Archives quotidiennes : 10 janvier 2015

Kumarakom

Robert et moi cherchions un endroit tranquille pour nous reposer quelques jours et visiter les backwaters quand mes recherches m’ont menée à un petit village appelé Kumarakom. Ce village, situé sur la rive du lac Vembanad, est  un point de départ pour les backwaters et j’ai lu que sa population est conscientisée sur la protection de l’environnement. Cela nous plaisait bien car le Kerala est un peu victime du succès de ses  backwaters. Les houseboats se sont multipliés depuis plusieurs années et la pollution s’est accrue, nous cherchons à y contribuer le moins possible.

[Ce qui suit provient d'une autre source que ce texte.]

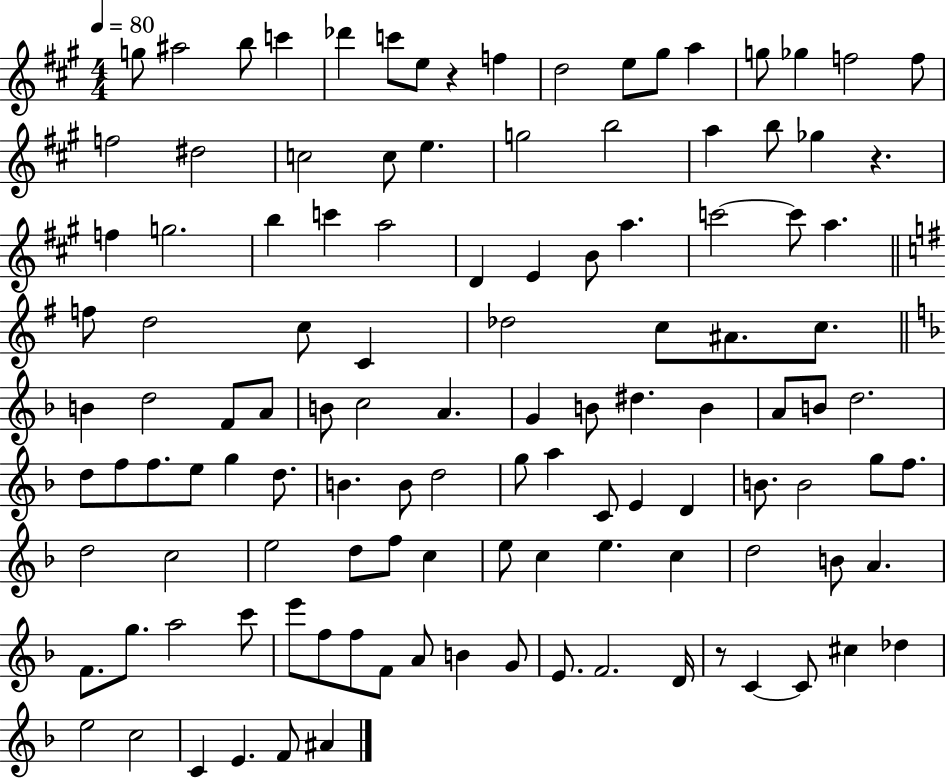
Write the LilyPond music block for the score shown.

{
  \clef treble
  \numericTimeSignature
  \time 4/4
  \key a \major
  \tempo 4 = 80
  g''8 ais''2 b''8 c'''4 | des'''4 c'''8 e''8 r4 f''4 | d''2 e''8 gis''8 a''4 | g''8 ges''4 f''2 f''8 | \break f''2 dis''2 | c''2 c''8 e''4. | g''2 b''2 | a''4 b''8 ges''4 r4. | \break f''4 g''2. | b''4 c'''4 a''2 | d'4 e'4 b'8 a''4. | c'''2~~ c'''8 a''4. | \break \bar "||" \break \key e \minor f''8 d''2 c''8 c'4 | des''2 c''8 ais'8. c''8. | \bar "||" \break \key d \minor b'4 d''2 f'8 a'8 | b'8 c''2 a'4. | g'4 b'8 dis''4. b'4 | a'8 b'8 d''2. | \break d''8 f''8 f''8. e''8 g''4 d''8. | b'4. b'8 d''2 | g''8 a''4 c'8 e'4 d'4 | b'8. b'2 g''8 f''8. | \break d''2 c''2 | e''2 d''8 f''8 c''4 | e''8 c''4 e''4. c''4 | d''2 b'8 a'4. | \break f'8. g''8. a''2 c'''8 | e'''8 f''8 f''8 f'8 a'8 b'4 g'8 | e'8. f'2. d'16 | r8 c'4~~ c'8 cis''4 des''4 | \break e''2 c''2 | c'4 e'4. f'8 ais'4 | \bar "|."
}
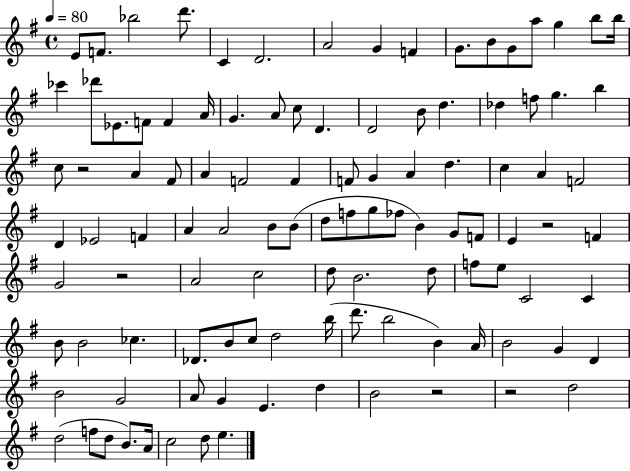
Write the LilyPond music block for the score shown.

{
  \clef treble
  \time 4/4
  \defaultTimeSignature
  \key g \major
  \tempo 4 = 80
  e'8 f'8. bes''2 d'''8. | c'4 d'2. | a'2 g'4 f'4 | g'8. b'8 g'8 a''8 g''4 b''8 b''16 | \break ces'''4 des'''8 ees'8. f'8 f'4 a'16 | g'4. a'8 c''8 d'4. | d'2 b'8 d''4. | des''4 f''8 g''4. b''4 | \break c''8 r2 a'4 fis'8 | a'4 f'2 f'4 | f'8 g'4 a'4 d''4. | c''4 a'4 f'2 | \break d'4 ees'2 f'4 | a'4 a'2 b'8 b'8( | d''8 f''8 g''8 fes''8 b'4) g'8 f'8 | e'4 r2 f'4 | \break g'2 r2 | a'2 c''2 | d''8 b'2. d''8 | f''8 e''8 c'2 c'4 | \break b'8 b'2 ces''4. | des'8. b'8 c''8 d''2 b''16( | d'''8. b''2 b'4) a'16 | b'2 g'4 d'4 | \break b'2 g'2 | a'8 g'4 e'4. d''4 | b'2 r2 | r2 d''2 | \break d''2( f''8 d''8 b'8.) a'16 | c''2 d''8 e''4. | \bar "|."
}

La région de Kumarakom a servi d’inspiration à Arundhati Roy pour son roman « Le Dieu des petits riens » un best-seller international qui a gagné The Booker Prize Citation en 1997. Je désirais ardemment découvrir cet univers d’autant plus que je venais de trouver le livre à la Biennale de Kochi après l’avoir vainement cherché au Québec.

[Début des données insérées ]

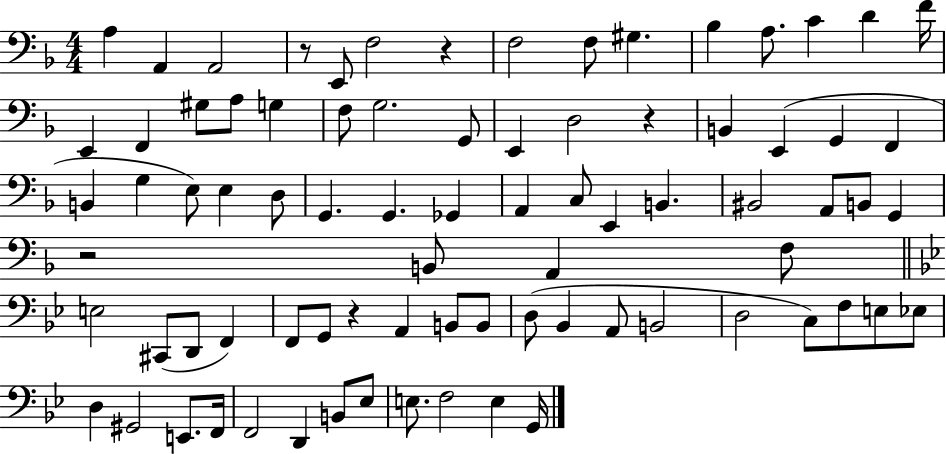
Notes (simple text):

C’est avec beaucoup de curiosité que nous avons pris le train à Kochi pour un trajet de deux heures à travers les rizières. Négocier un rickshaw a été un peu compliqué à Kottoyam car notre gîte ne semblait pas très connu. Les chauffeurs se sont consulté entre eux et après une discussion très animée en malayalam, l’un d’eux a téléphoné au Backwater Breeze  pour avoir des indications pour se rendre. C’est donc avec un grand sourire que notre conducteur nous a invités à prendre place dans son rickshaw pour le 30 minutes de route qui devait nous amener jusqu’à Kumarakom. Ajish, notre hôte, nous attendait en moto à la croisée d’un chemin pour guider le chauffeur du rickshaw sur la route étroite qui longe les canaux. Heureusement car nous avions l’impression de nous rendre au bout du monde! Derrière les palmiers nous pouvions deviner les champs de riz puis être surpris au prochain détour de la route par la vue d’un houseboat accosté sur le bord du canal. Le soleil de l’après-midi tapait fort et le paysage semblait endormi dans la moiteur de l’heure la plus chaude de la journée.

Émerveillés nous avons dėcouvert notre gîte, juste en avant d’un canal, une odeur de fleur parfumée flottant dans l’air. Nous étions au paradis…

Dans les rues de Kochi

Lors de nos ballades dans les rues des villes que nous visitons, nous avons souvent de belles surprises. Ces rencontres improvisées avec les coutumes locales nous fascinent au plus haut point même si nous n’en comprenons pas toujours la signification. Mais à chaque fois que nous le pouvons, nous prenons le temps de savourer le bonheur d’y être présent.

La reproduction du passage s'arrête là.